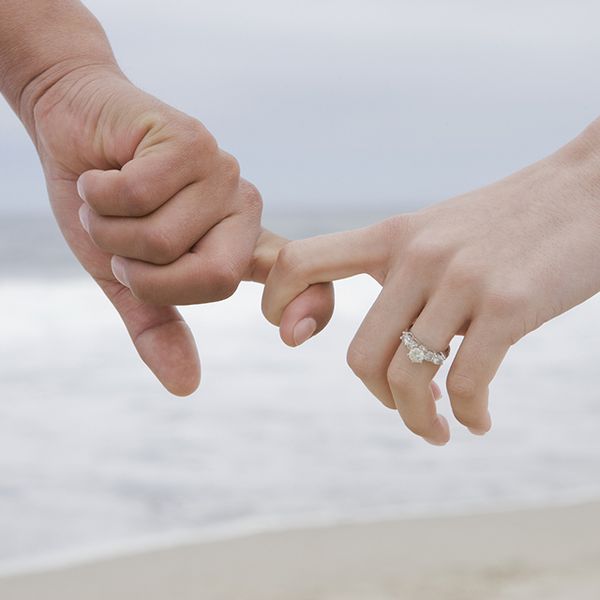 握有订婚戒指的夫妇手指188bet官网88bet官网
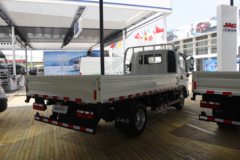 购骏铃V5载货车 享高达0.2万优惠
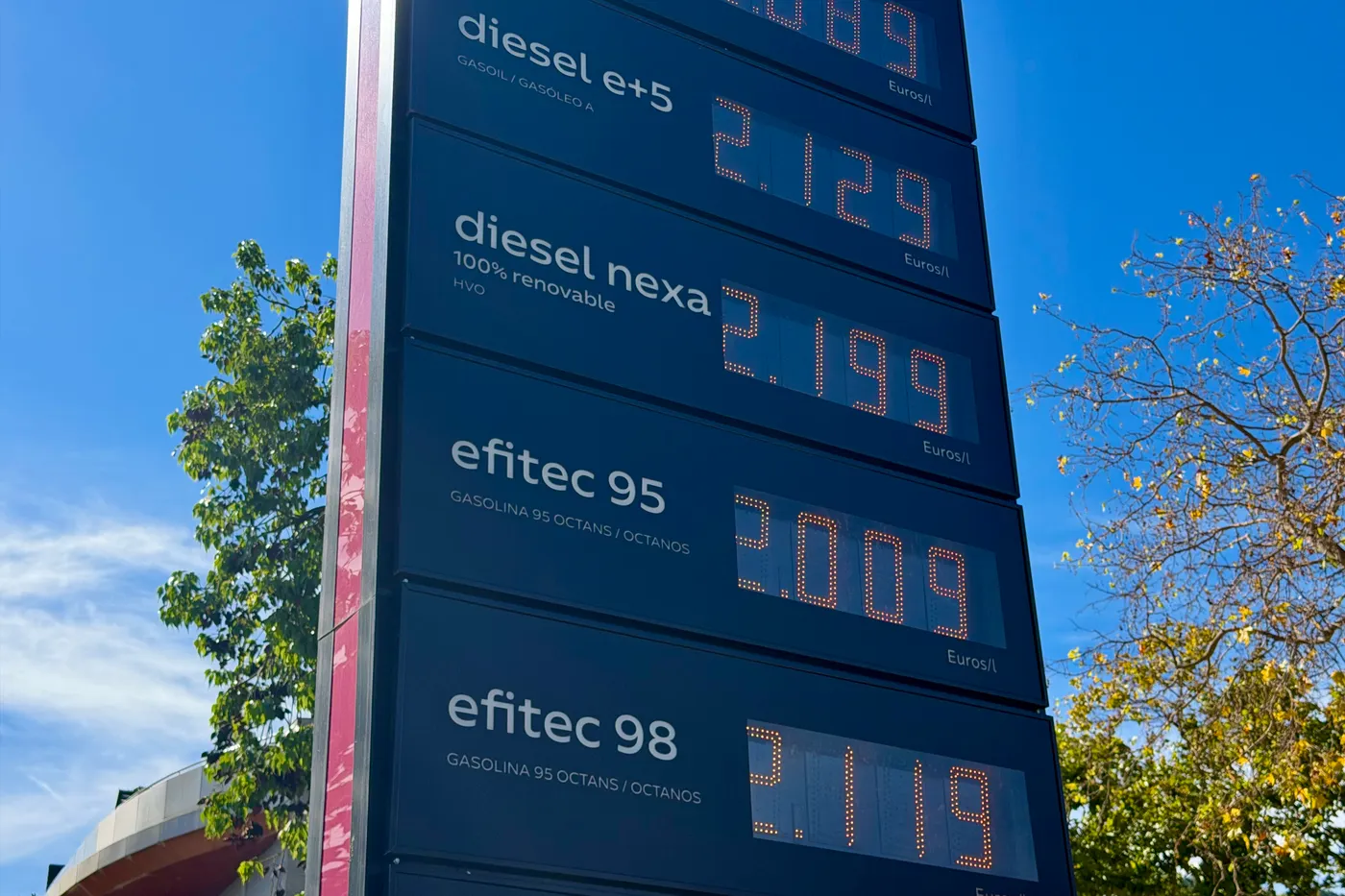 Panell de preus d'una benzinera amb la gasolina i el dièsel per sobre dels dos euros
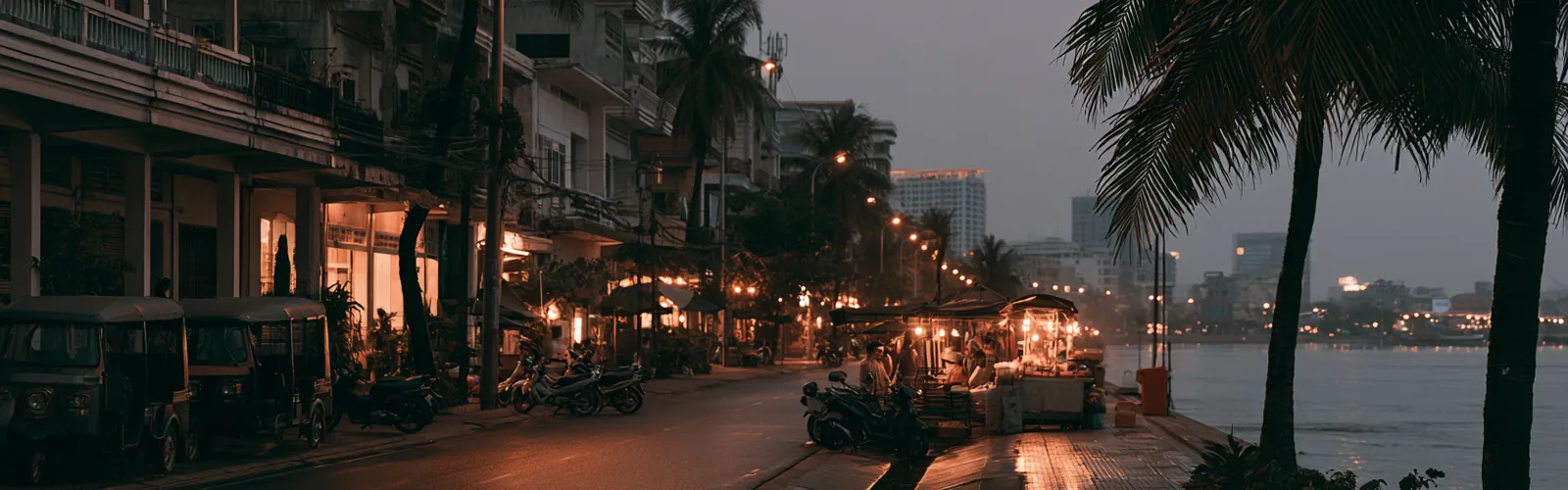 プノンペンの夜の情景（AI生成イラスト・特定の店舗ではありません） / Phnom Penh at night (AI-generated illustration, not a specific venue)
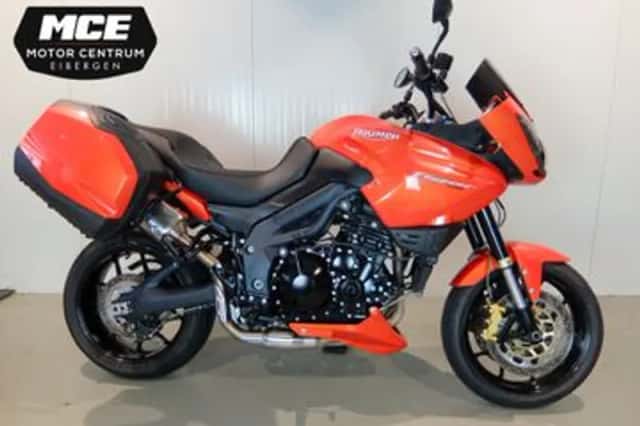 Triumph Tiger 1050 (2008) thumbnail 1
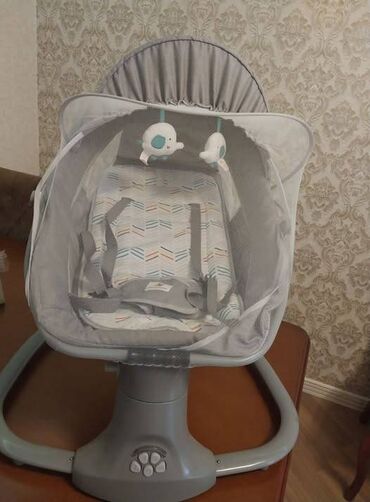 Uşaqlar üçün digər mallar: Пеленальный столик с ванночкой Сhicco(покупали за 400 ман,продаю за 80 — 10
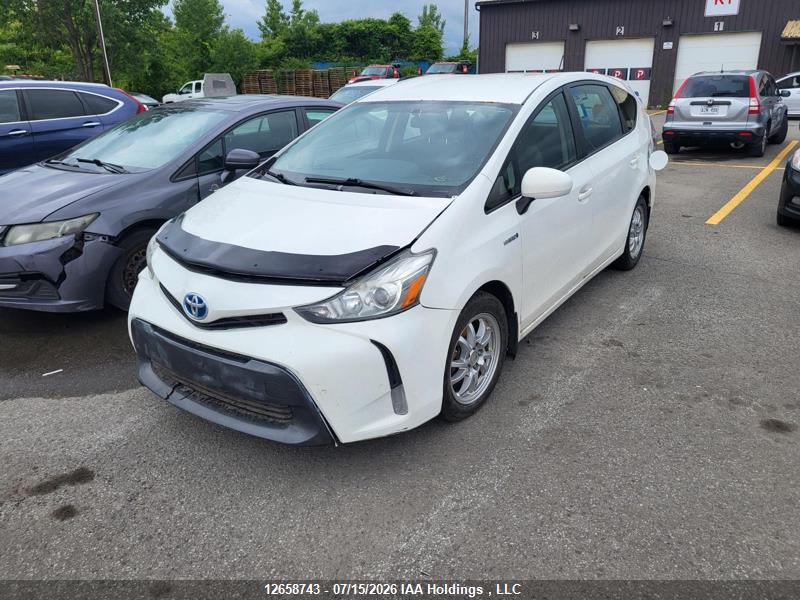 2017 TOYOTA PRIUS V thumbnail 2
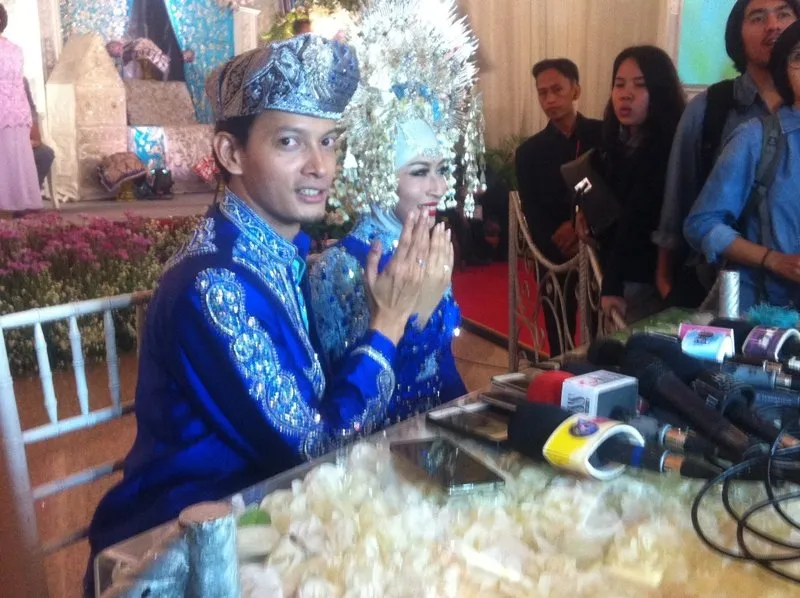 8 Fakta Soal Proses Ta'Aruf Fedi Nuril dan Vanny Widyasasti. Sweet dan Adem di Hati 13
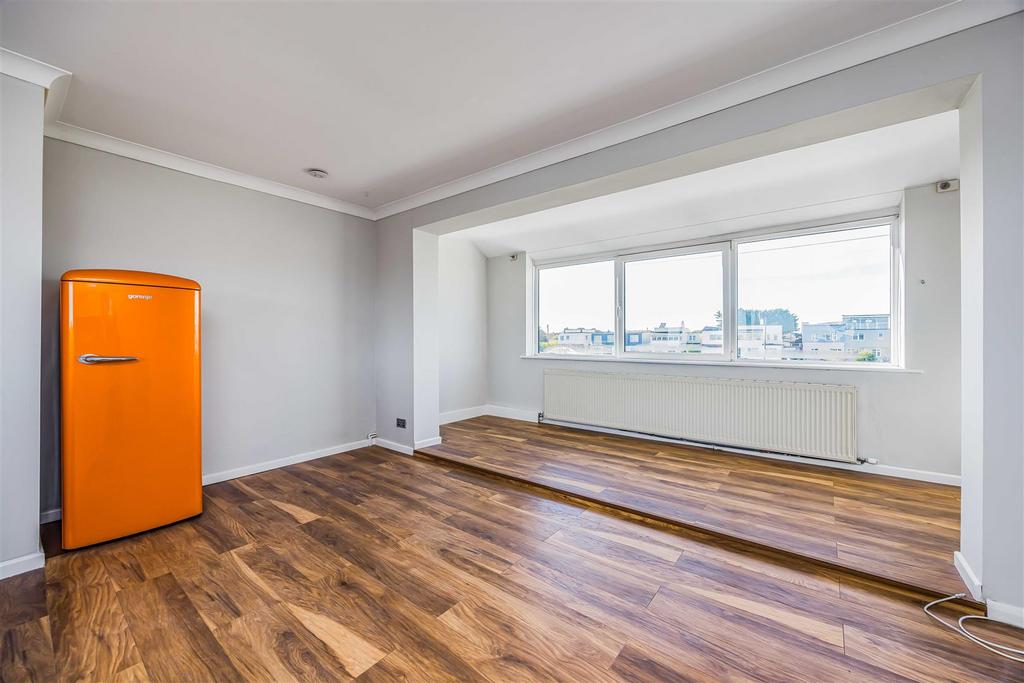 23 Sandy Beach Estate, Hayling Island-Small-Portic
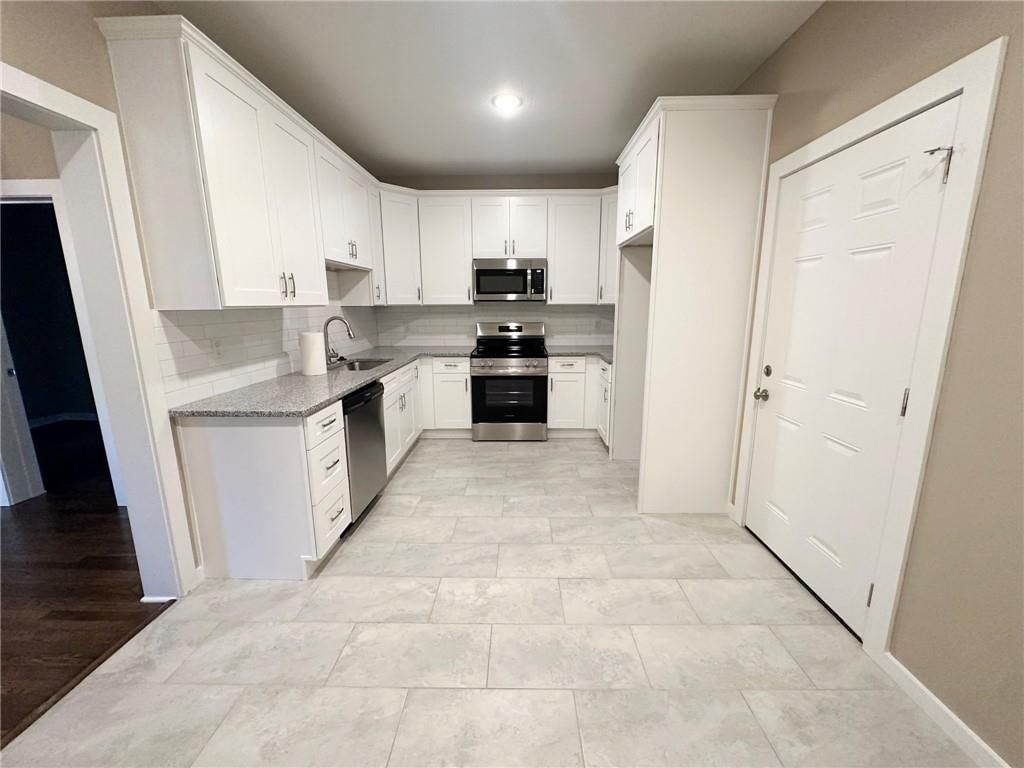 14 Cedar Street — photo 17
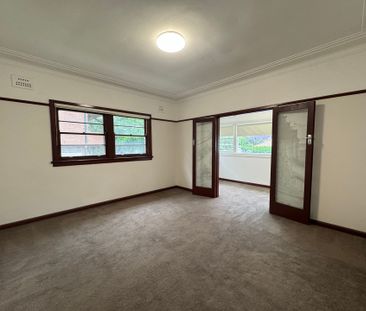 Family Home Offering Space, Comfort & Modern Living - Photo 1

··········

| DESCRIPTION OF THE TASK |
Leave out the pictures and set down all of the data exactly.

| OUTPUT |
 握有订婚戒指的夫妇手指188bet官网88bet官网
 购骏铃V5载货车 享高达0.2万优惠
 Panell de preus d'una benzinera amb la gasolina i el dièsel per sobre dels dos euros
 プノンペンの夜の情景（AI生成イラスト・特定の店舗ではありません） / Phnom Penh at night (AI-generated illustration, not a specific venue)
 Triumph Tiger 1050 (2008) thumbnail 1
 Uşaqlar üçün digər mallar: Пеленальный столик с ванночкой Сhicco(покупали за 400 ман,продаю за 80 — 10
 2017 TOYOTA PRIUS V thumbnail 2
 8 Fakta Soal Proses Ta'Aruf Fedi Nuril dan Vanny Widyasasti. Sweet dan Adem di Hati 13
 23 Sandy Beach Estate, Hayling Island-Small-Portic
 14 Cedar Street — photo 17
 Family Home Offering Space, Comfort & Modern Living - Photo 1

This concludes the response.